* _Excerpted records_:

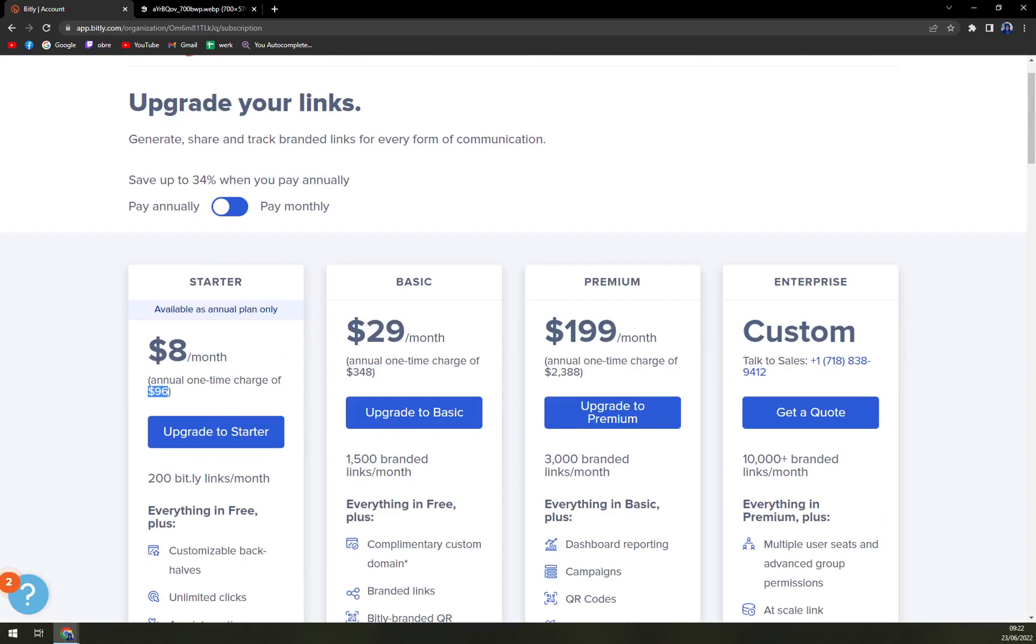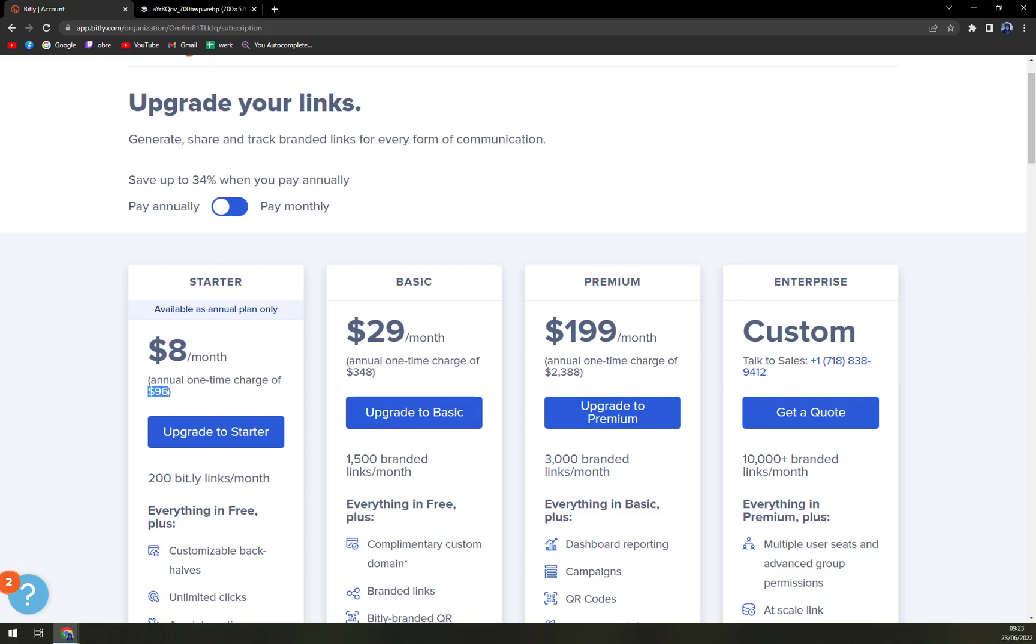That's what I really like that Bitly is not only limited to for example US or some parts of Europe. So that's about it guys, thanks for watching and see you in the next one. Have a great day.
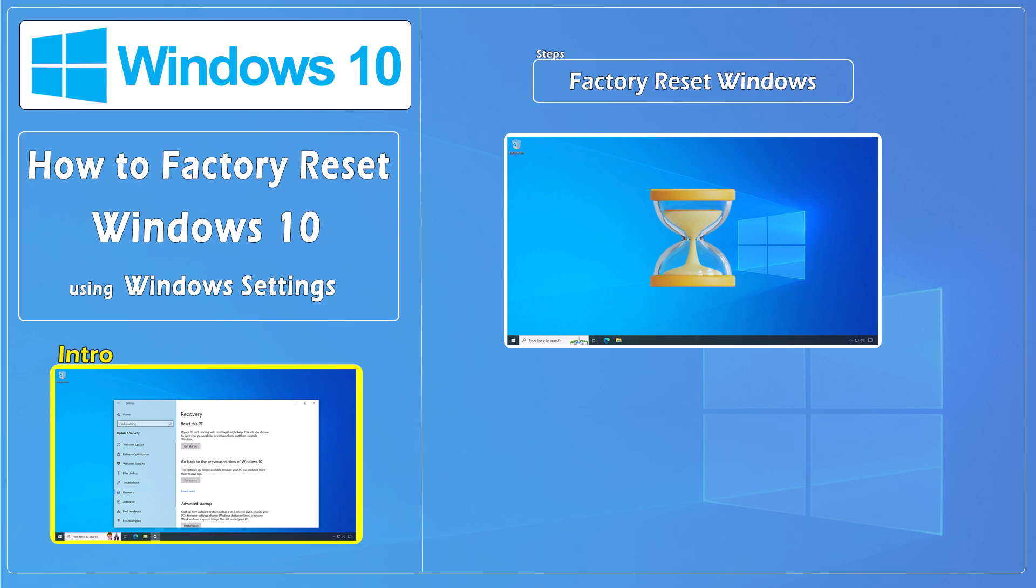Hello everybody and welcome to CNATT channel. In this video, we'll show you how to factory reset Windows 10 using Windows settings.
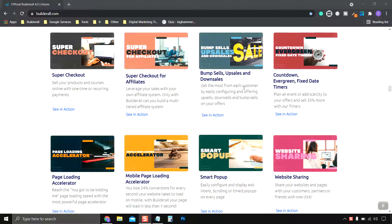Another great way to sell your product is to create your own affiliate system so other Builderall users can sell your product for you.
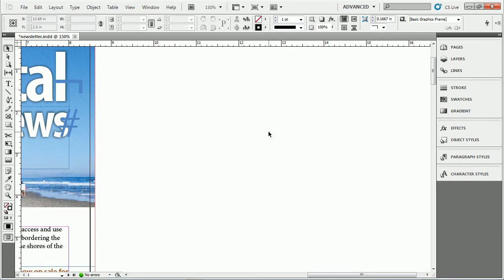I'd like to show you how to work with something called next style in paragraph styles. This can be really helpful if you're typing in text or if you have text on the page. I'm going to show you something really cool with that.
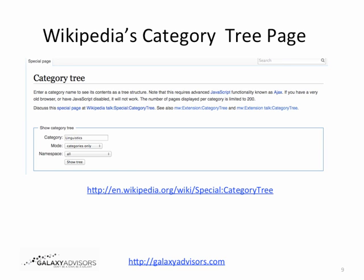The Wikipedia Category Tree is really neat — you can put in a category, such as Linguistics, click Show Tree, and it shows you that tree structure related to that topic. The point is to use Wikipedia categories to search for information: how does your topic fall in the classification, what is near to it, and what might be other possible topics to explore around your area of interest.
--
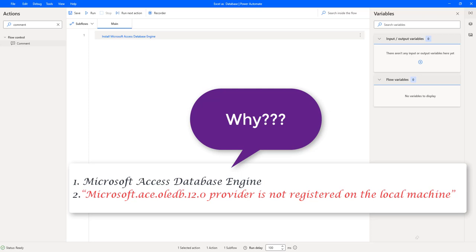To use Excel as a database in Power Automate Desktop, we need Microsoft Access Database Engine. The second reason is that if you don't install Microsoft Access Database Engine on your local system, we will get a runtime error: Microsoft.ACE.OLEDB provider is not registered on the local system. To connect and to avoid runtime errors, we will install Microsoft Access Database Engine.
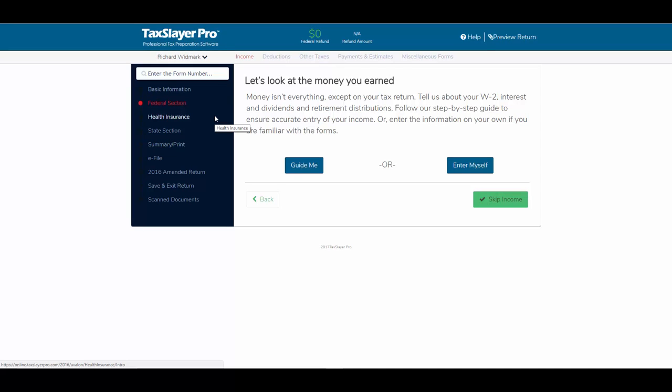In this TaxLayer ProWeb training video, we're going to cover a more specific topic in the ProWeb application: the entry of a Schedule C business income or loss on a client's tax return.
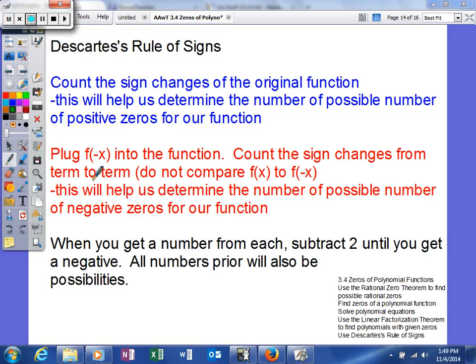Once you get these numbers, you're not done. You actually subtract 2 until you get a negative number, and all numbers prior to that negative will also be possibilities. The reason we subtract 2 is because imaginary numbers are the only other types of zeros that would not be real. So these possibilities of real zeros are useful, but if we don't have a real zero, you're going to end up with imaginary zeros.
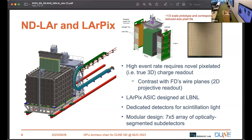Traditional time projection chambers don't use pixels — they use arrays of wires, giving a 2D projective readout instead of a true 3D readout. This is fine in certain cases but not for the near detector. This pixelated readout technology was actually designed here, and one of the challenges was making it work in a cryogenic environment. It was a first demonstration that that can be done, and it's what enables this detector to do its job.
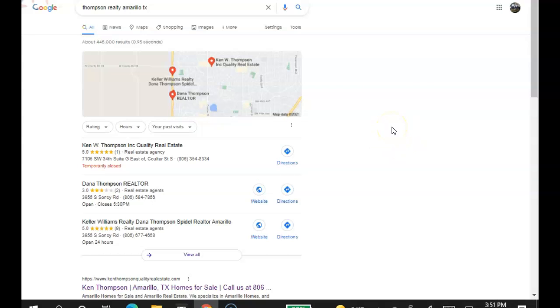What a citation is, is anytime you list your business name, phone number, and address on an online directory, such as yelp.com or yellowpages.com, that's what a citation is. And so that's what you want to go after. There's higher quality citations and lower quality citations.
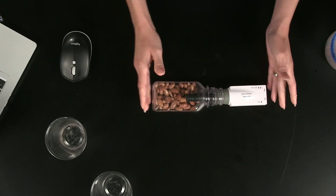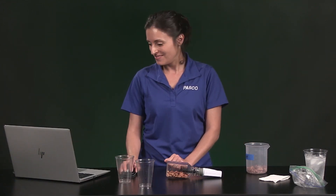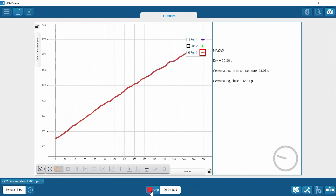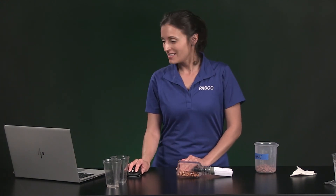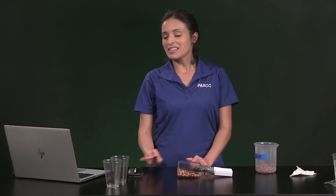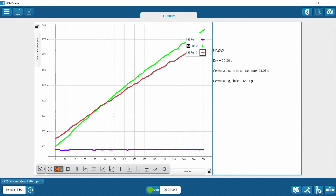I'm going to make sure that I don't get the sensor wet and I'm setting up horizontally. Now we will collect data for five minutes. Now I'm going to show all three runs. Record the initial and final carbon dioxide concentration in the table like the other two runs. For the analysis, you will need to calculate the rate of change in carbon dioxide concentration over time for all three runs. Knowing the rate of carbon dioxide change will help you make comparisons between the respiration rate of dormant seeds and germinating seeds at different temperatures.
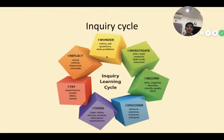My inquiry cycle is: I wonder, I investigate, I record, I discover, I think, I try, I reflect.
* * *
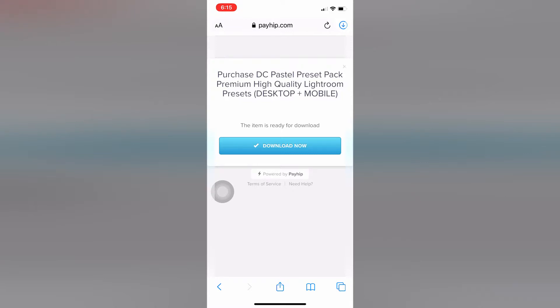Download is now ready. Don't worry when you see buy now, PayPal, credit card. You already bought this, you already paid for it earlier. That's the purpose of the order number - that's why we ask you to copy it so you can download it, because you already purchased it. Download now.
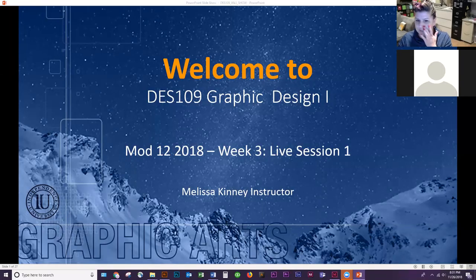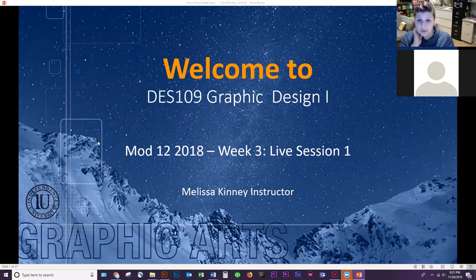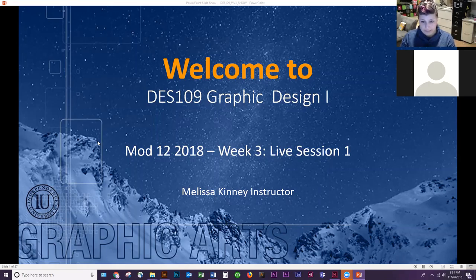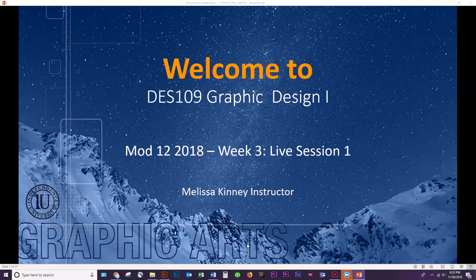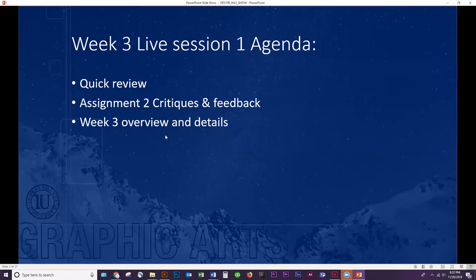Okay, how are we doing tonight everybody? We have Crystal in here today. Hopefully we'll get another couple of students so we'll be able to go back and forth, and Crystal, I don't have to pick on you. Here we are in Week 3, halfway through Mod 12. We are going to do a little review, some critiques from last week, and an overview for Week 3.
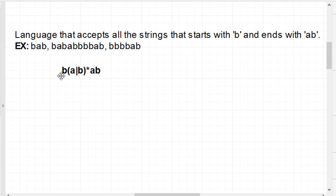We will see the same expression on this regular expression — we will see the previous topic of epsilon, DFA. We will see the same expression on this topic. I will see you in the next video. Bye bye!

* _Assignment_: Taking the entries above, copy word for word the lines from the one with "That's what I" up to and including the one with "I'd like to", without any picture.

* _Worked solution_:
That's what I really like that Bitly is not only limited to for example US or some parts of Europe. So that's about it guys, thanks for watching and see you in the next one. Have a great day.
Hello everybody and welcome to CNATT channel. In this video, we'll show you how to factory reset Windows 10 using Windows settings.
Another great way to sell your product is to create your own affiliate system so other Builderall users can sell your product for you.
I'd like to show you how to work with something called next style in paragraph styles. This can be really helpful if you're typing in text or if you have text on the page. I'm going to show you something really cool with that.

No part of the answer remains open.